Firstly, he has an opportunity to compete on home soil during the 2015 Pan-American Games that will take place from the 10th to the 26th of June in Toronto, Ontario.

Winter, as with many Canadian athletes are currently in Flagstaff, Arizona for a stint at altitude and at a base from where getting to important meets is a short strip, for example the Payton Jordan Invitational that happens at Stanford University.

There is more to qualifying to run for Canada than meeting a time, however, for Canadians wishing to compete in the steeplechase, the men will have to run at least as fast as 8:28.00. The qualifying period ends July 5th 2015. For the Pan-American Games, athletes will need to qualify by June 14th.

Winter’s personal best time is 8:28.17.

Christopher Kelsall: Will you be focusing specifically on the 3,000msc for the spring, in respect to making Worlds and Pan-Ams? Or will you race other distances?
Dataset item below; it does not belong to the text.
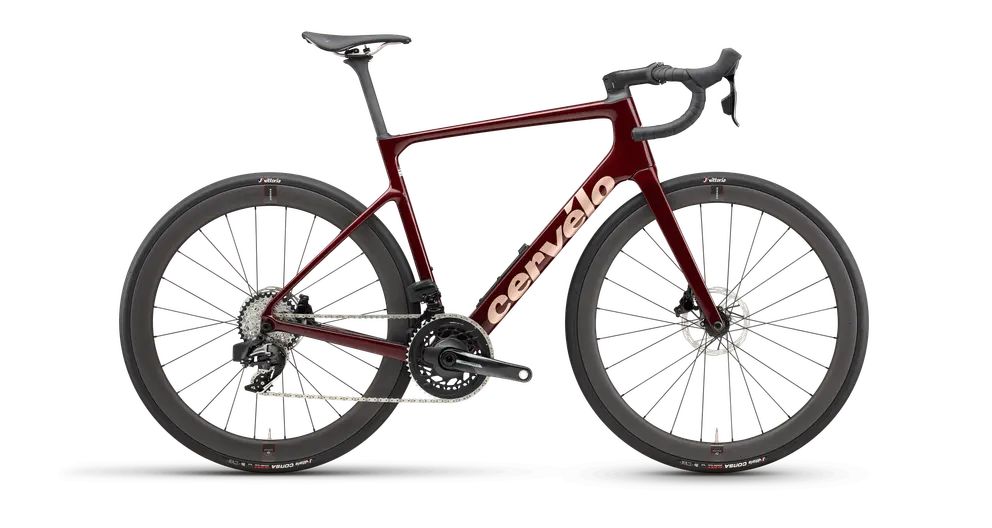 644098-1.jpg Cervélo Caledonia-5 Force AXS Carmine – Image 1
Chris Winter: I will focus specifically on the steeplechase this season with goals of making both the Pan-Ams in Toronto and Worlds later in the summer in Beijing. The steeplechase, along with many other events in Canada have seen a real increase in depth over the past few years and so it’ll take all my focus to stand a chance at making either of these teams.

I always hope that it will line up for me one season to take a good shot at a 5,000m but so far it hasn’t worked out. I will run a couple of 1,500m but I will use them as tune-ups for the steeplechase.

CK: You are currently in Flagstaff to get in some altitude training, yes? I assume you are using that camp as a base area to travel to various meets like Payton Jordan, Occidental for example?

CW: Yes, we arrived in Flagstaff earlier this week and will be here until the end of April where we will then head to Payton Jordan and then Oxy a couple weeks later. Flagstaff is a magical place to train this time of the year. There are so many athletes from all over the world which makes for a great atmosphere. It’s hard to go anywhere in the city without bumping into other athletes.

CK: How did your winter training go and how did your post indoor training go?

CW: Winter training went about as perfect as I could hope for. I managed to stay healthy throughout and the west coast had a fairly mild winter which allowed me to get in a few more quality sessions than I typically would. I only raced once indoors through which I was fighting a cold and was not at my best. That said I felt I raced well and carried some good momentum out of that race. I am really looking forward to bringing a really solid base into training camp where I hope to put some finishing touches on my fitness which will set me up well for the outdoor season.

CK: You recently raced the Modo 8K in Vancouver, finishing third in 24:05 behind Geoff Martinson and winner Kelly Wiebe, who are both running well. Were you satisfied with the result?

CW: Yes and No. This was my first real road race since October 2012 (I ran a leg in the Chiba Ekiden in 2013) and I was excited to race on a different surface. Kelly went out hard (sub 2:45 first 1K) and I just tried to hang on as best I could, hoping he would come back to me over the final kilometres. Kelly was really strong on the day and in the end it was me who faltered over the last 1K. Overall, I really enjoyed the event and it was a good stimulus for early in the season, but I would have liked to have performed a bit better on the day.